'Nightmare', copyright: Janine Harrington |
A lady is driving her Citroen down a road she's travelled many times before. She's heading home on a normal weekday, humming along to a tune on the radio. Unexpectedly, from around a corner, a car veers to her side of the road ... slamming into her with such force metal buckles, the windscreen shatters, her body, like a rag doll, is thrown against the steering wheel, held from going further by the seat belt straining tight across her body. Years later, she is still reliving those moments, regurgitating the past, repeatedly feeling the violent thrust of the car careering into her ... seeing the road ahead fragmented through the shattered windscreen ... hearing the crunch of metal ... the smell of burning ... while her chest remains restricted, unable to move, Time held on 'Pause'. Her confidence is so shaken she cannot drive. Even getting into a car or any moving vehicle is tortuous as the crash replays over and over in her mind. She can't switch it off. It's stuck on a loop, while she remains lost in moments from the past.

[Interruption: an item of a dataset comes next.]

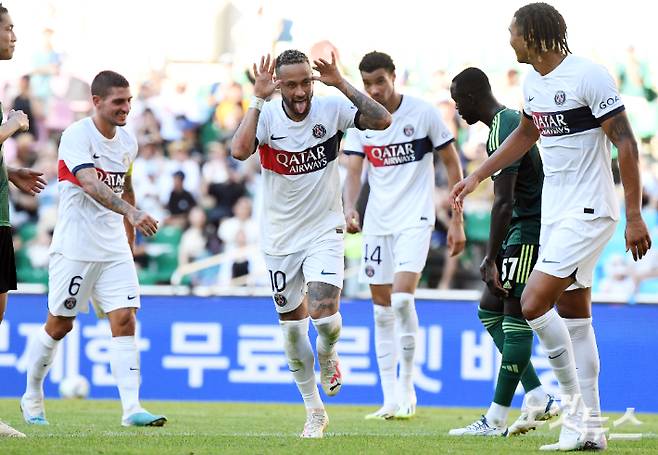 파리 생제르맹 FC 네이마르가 3일 오후 부산 연제구 아시아드주경기장에서 열린 전북 현대와의 경기에 출전해 선제골을 넣고 세리머니 하고 있다. 부산=황진환 기자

A girl is taunted in the school playground. She knows the bullies, but doesn't understand why it's happening to her. They take her satchel, tearing her books, ripping up carefully-written homework, removing vital pens, throwing them from one to the other, all the time chanting stupid rhymes about her, calling her names. Once the bell rings and they're inside a classroom, still they target, pulling her hair, tormenting whenever the teacher's back is turned, dragging her chair from under her. At playtime, she hides in the toilets. They know where she is and they bide their time. While she sits, contemplating the dynamics of taking off her tights, looping them around the pipework above, inserting her head in a noose and jumping from the toilet seat in an effort to end her hopeless life filled with despair. Tens of years on, in the workplace, she's still trying to identify the bully. There's always one. She feels weak, vulnerable, helpless in stopping petty acts carried out against her. While at night she hears again the taunts in the playground, seeing faces glaring, spitting, provoking her into a reaction that doesn't come ... other than running away. Her spirit was broken long ago. She supports and helps others, knowing and understanding their need, but inside feels a complete wreck, a nobody, someone who counts for nothing at all.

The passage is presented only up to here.